Kritisi Hukum Internasional di ASEAN
Sebelum memulai studi doktoralnya di Spanyol, pada tahun 2009 Yordan telah memulai penelitian untuk disertasinya terkait polusi asap di kawasan ASEAN dan bagaimana penanggulangannya melalui hukum internasional yang terikat oleh perjanjian, bernama ASEAN Agreement on Transboundary Haze Pollution (AATHP). Polusi asap yang menyebabkan total kerugian hingga miliaran USD ini, menurut Yordan belum terselesaikan dengan optimal walaupun telah adanya AATHP.

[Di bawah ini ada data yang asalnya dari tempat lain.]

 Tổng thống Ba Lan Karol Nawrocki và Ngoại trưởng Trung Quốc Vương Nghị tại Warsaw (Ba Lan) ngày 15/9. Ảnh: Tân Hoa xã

Ia pun menjadikan penelitiannya ini sebagai disertasi doktoralnya dengan judul “The Effectiveness of Informal International Law in Southeast Asia: Influencing the Enforcement of the 2002 ASEAN Agreement on Transboundary Haze Pollution (AATHP)”. Proposal disertasi penelitian Yordan ini pun telah diuji pada bulan Juli 2022, dengan sidang akhir ujian disertasinya dilaksanakan pada 16 Juni 2024 secara terbuka disaksikan puluhan Profesor dan mahasiswa PhD lainnya, dengan Pembimbing Prof. Pablo Pareja Alcaraz dan pengujinya yakni, Prof. Angel Rodrigo Hernandez, Prof. Marta Abegon Novella, Prof. Oriol Mir, dan Prof. Josep Capdeferro.

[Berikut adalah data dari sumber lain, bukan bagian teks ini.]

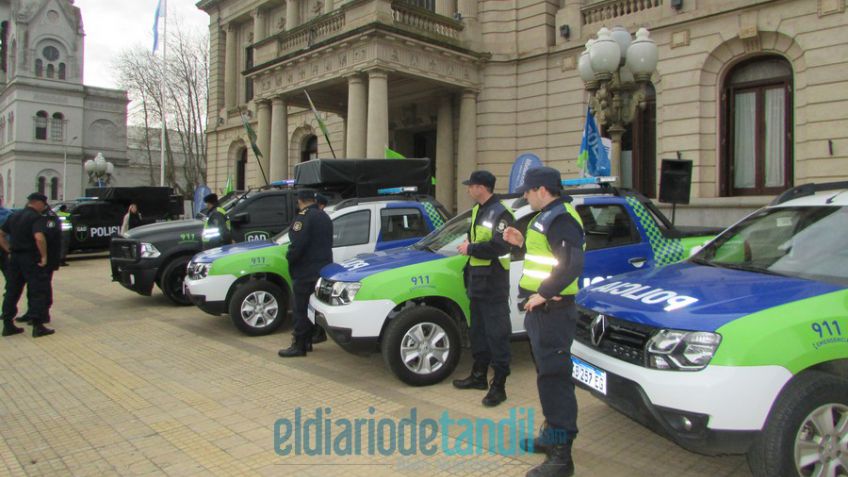 El Ministro de Seguridad pasó por Tandil y entregó ocho móviles policiales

Menurut Yordan, ada dua faktor penyebab utama belum optimalnya penanganan polusi asap di kawasan ASEAN ini. Pertama adalah lambannya respon pemerintah Indonesia dalam meratifikasi perjanjian tersebut menjadi peraturan yang meregulasi aktivitas penyebab polusi asap terutama bagi pengusaha. Padahal, Indonesia menjadi negara pengekspor asap terbanyak yang disebabkan oleh kebakaran hutan.

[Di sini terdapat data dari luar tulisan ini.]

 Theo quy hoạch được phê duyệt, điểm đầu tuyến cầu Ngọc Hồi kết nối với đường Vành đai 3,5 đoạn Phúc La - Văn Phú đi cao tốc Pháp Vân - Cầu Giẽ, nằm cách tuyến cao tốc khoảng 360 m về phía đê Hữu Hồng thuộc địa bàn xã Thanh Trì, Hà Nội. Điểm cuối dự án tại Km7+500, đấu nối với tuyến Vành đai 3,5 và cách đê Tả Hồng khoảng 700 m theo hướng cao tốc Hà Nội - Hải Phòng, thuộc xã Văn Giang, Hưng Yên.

Faktor lainnya, menurut Yordan, adalah karena tidak adanya keseragaman hukum di ASEAN. Ia menilai jika ASEAN yang tidak memiliki hukum supranasional untuk dapat menginstruksikan negara anggotanya agar mengikuti perjanjian yang berlaku, akan sulit untuk menjalankan setiap perjanjian internasional yang memerlukan ketaatan dari setiap negara dan meratifikasi perjanjian seperti AATHP.
“ASEAN tidak memiliki dasar berupa perjanjian yang mengikat dan berfungsi sebagai hukum. Hanya mengandalkan konferensi tingkat tinggi dalam pengambilan keputusan, sehingga menjadikannya sangat bersifat politis,” ujarnya.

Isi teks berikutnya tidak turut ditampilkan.